Urgent congressional efforts to repair this damage must be part of a broader strategy of finding an exit from Iraq, improving US effectiveness in the real war on terrorists, and providing spending oversight to avoid crushing debt burdens.

President Bush has used Congress as a money spigot, funding military operations through a series of emergency budget requests with no oversight. The government has spent money it didn't have and paid for it with deficit spending – essentially raising taxes on America's children.

That's about to change.

We're committed to funding major recurring war costs through the regular budget process, while ensuring that real emergencies, real unforeseen expenses, and real battlefield needs are funded quickly. With Democrats in power, the American people can expect requests by the Pentagon and administration for "emergency" supplemental funds to be scrutinized much more closely.
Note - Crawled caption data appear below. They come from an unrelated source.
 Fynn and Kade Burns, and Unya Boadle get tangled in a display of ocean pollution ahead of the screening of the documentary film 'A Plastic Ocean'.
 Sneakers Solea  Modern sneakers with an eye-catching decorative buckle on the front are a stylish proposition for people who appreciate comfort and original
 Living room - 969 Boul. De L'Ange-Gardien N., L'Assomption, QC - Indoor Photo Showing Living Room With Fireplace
We understand that wars always give rise to unforeseen circumstances and unexpected needs. However, there will be no more blank checks for Defense spending unrelated to battlefield needs. Everything must be prioritized so Congress can make the most informed choices.
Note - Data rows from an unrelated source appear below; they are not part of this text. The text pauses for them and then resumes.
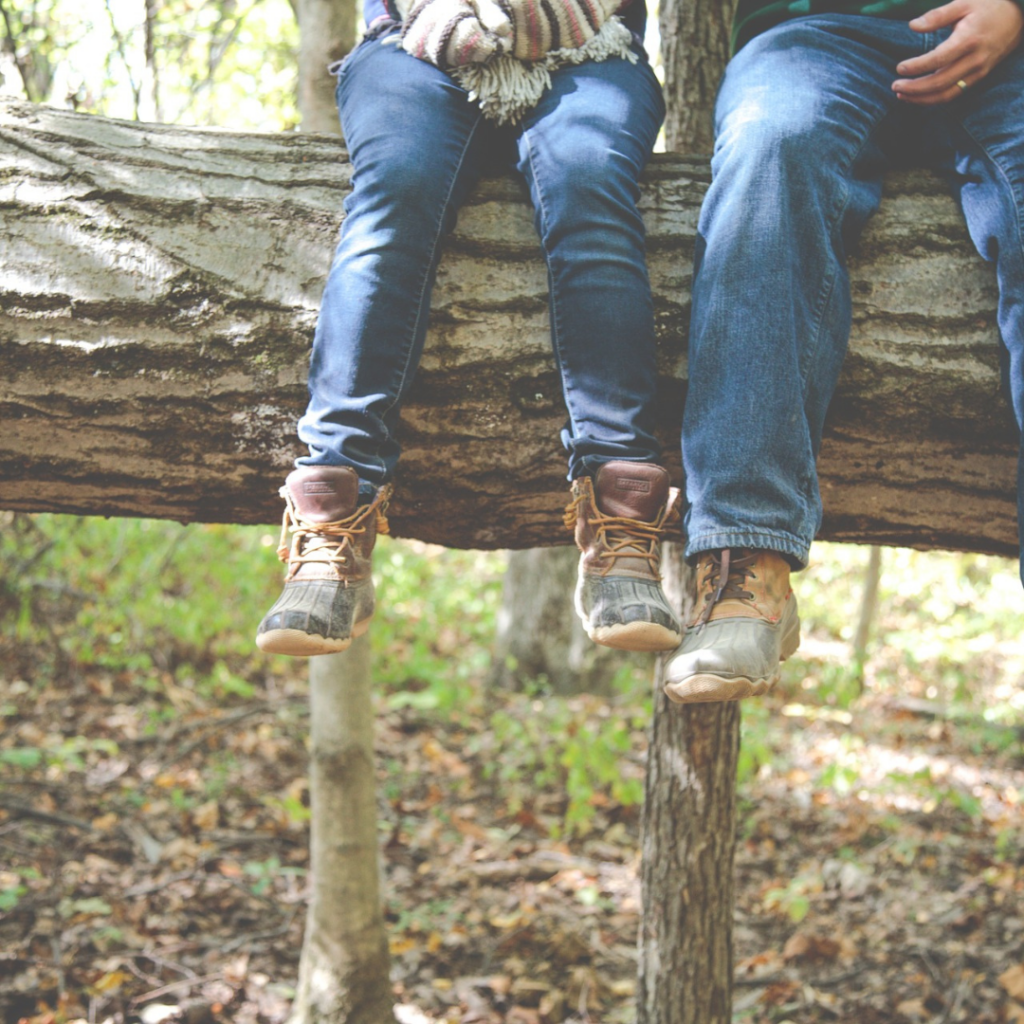 niet zo met bezig met kledij: de benen van een man en een vrouw, zittend op een boomstronk. Allebei dragen ze een gemakkelijk zittende broek en comfortabele schoenen 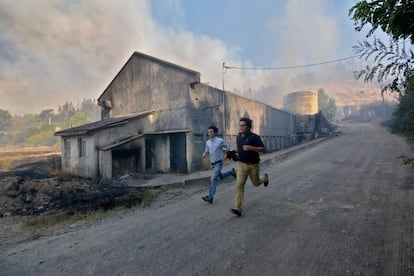 Dos hombres corren durante un incendio forestal, en la localidad de Concepción (Chile).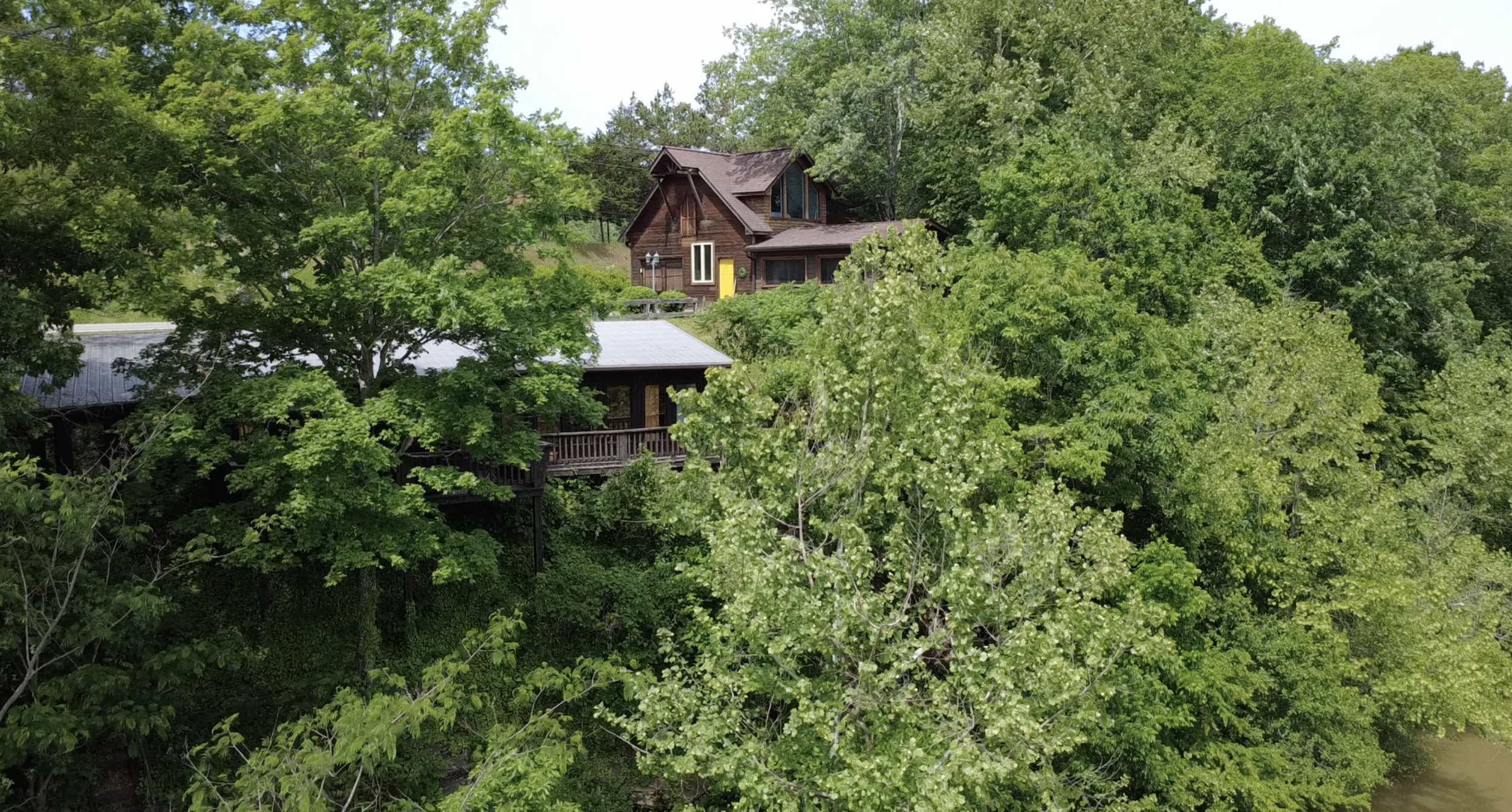 A wooden house with a steep roof and large windows is perched among dense green trees near a waterway.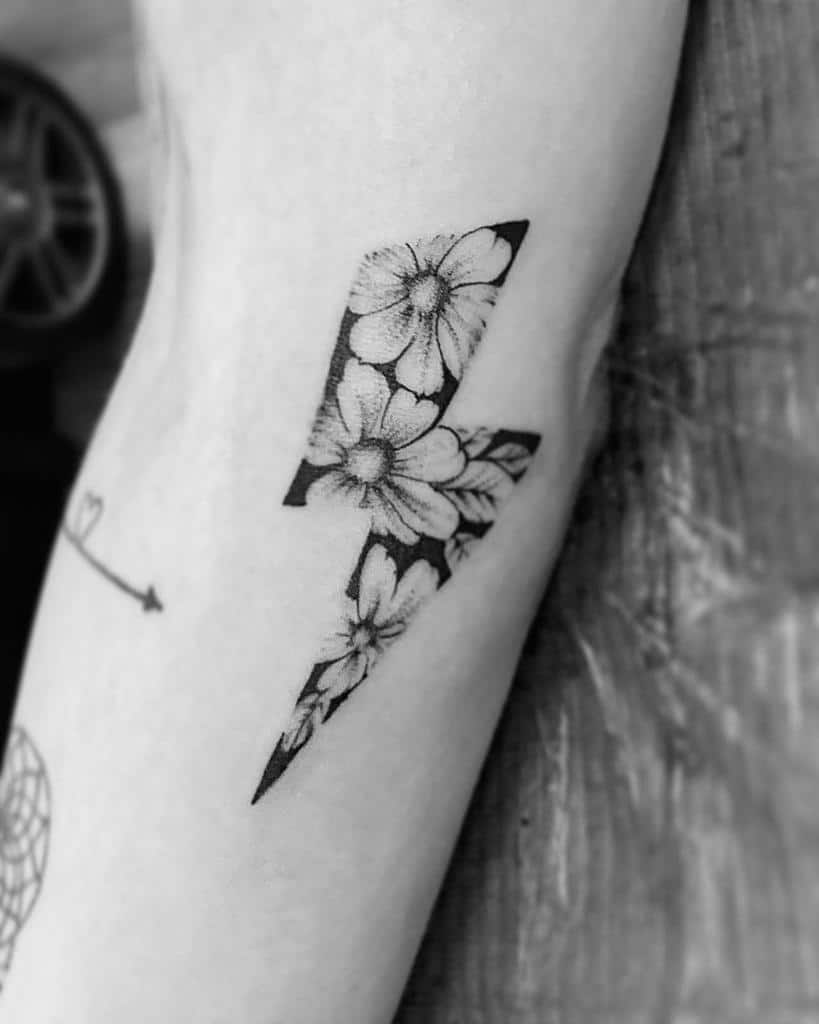 Tattoo of a lightning bolt filled with detailed flowers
Last year, we asked the administration to include recurring and foreseeable funding needs in the 2008 Defense budget request that goes through the normal authorization and appropriations cycle. Instead, we received Mr. Bush's request for three separate pots of money for military operations:

•An emergency supplemental request of $93.4 billion for Iraq and Afghanistan (the second such request in 2007).

•The regular 2008 Defense Budget request of $481.4 billion.
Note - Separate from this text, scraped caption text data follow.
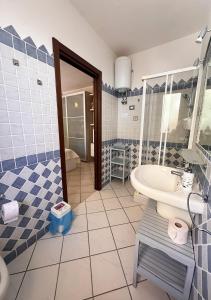 a bathroom with a sink and a toilet at Crisalide in La Maddalena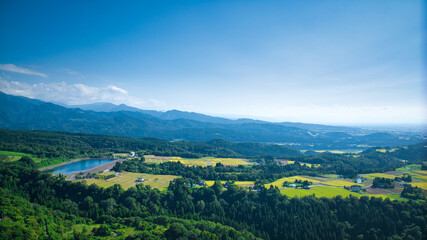 View of Toyama Bay, the Kurobe River alluvial fan, the Hokuriku Shinkansen, and farms from Kurobe City in eastern Toyama Prefecture, Japan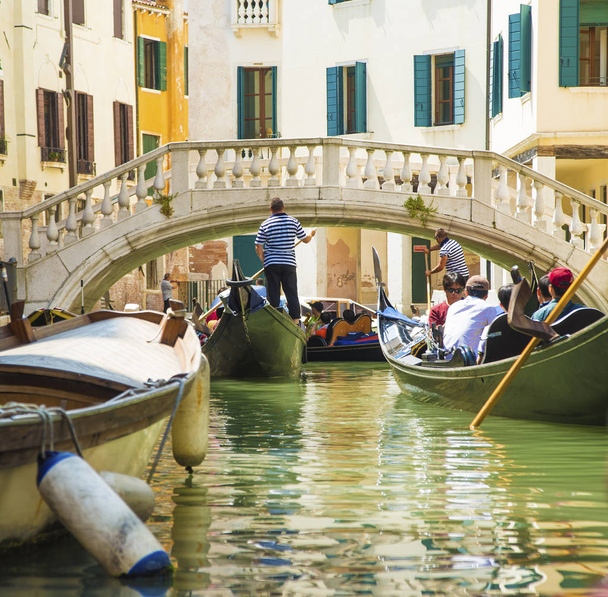VENICE, ITALY - June 19, 2014:  gondoliers in a gondolas passing under a bridge on a small canal, during the Carnival in Venice.  - Foto, Bild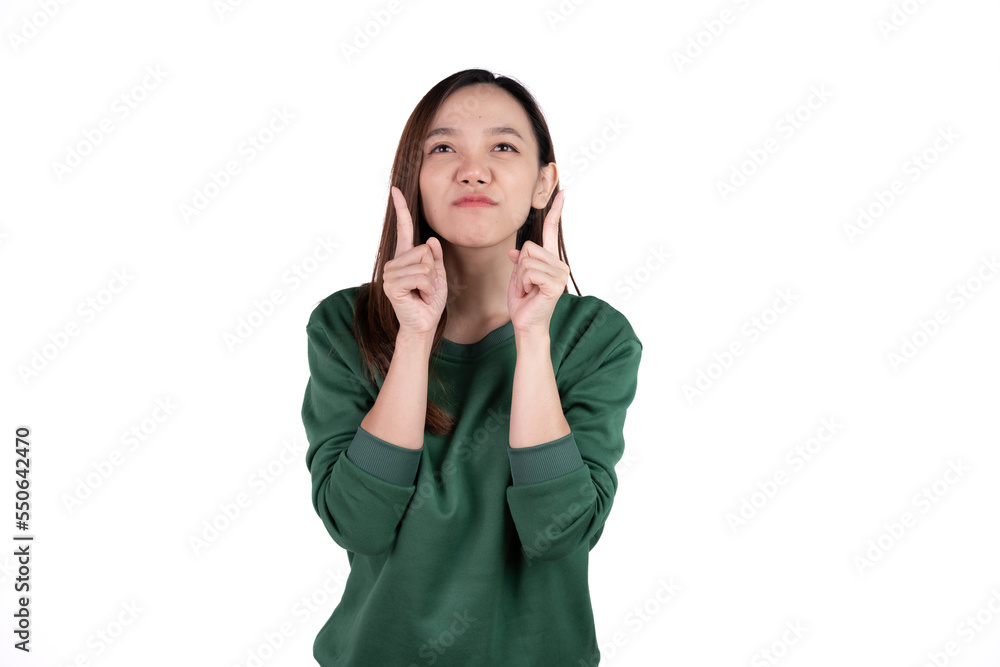 Young beautiful smiling good mood positive girl pointing finger in copyspace isolated on white background. Young beautiful smiling good mood positive girl pointing finger in copyspace isolated on white background.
•Another emergency supplemental request of $141.7 billion for 2008 operations in both wars.

Supplemental appropriations are supposed to address emergencies that simply cannot wait for the regular process, replacing equipment lost or damaged in battle and other "war costs." How is it that an emergency supplemental request exists to pay for emergencies next year?

The president's 2007 emergency request includes billions of dollars in developmental spending under the guise of "emergency" replacement. Supplemental spending should address emergency needs, not future defense systems that won't help soldiers on the ground for years to come. That's why we're calling on the administration to end the practice of paying for war costs with "emergency" funds.

At this moment, US forces are conducting a war against Al Qaeda and the Taliban in Afghanistan, and trying to referee a civil war in Iraq – both unconventional conflicts. Yet no one would suggest the US no longer needs forces ready to fight on a conventional battlefield. Nobody knows where the next enemy may emerge or how future wars will be fought. Clearly, the US must be ready for any eventuality.

Make no mistake: The US is not at war, the US military is. The burden of the wars in Iraq and Afghanistan is being carried by our soldiers and their families. The rest of us merely observe their sacrifice on TV.

Members of Congress can do their part by giving the US military the support and equipment it needs to win.

Rep. Neil Abercrombie (D) of Hawaii is chairman of the House Armed Services Subcommittee on Air and Land Forces. Rep. Solomon Ortiz (D) of Texas is chairman of the House Armed Services Subcommittee on Readiness.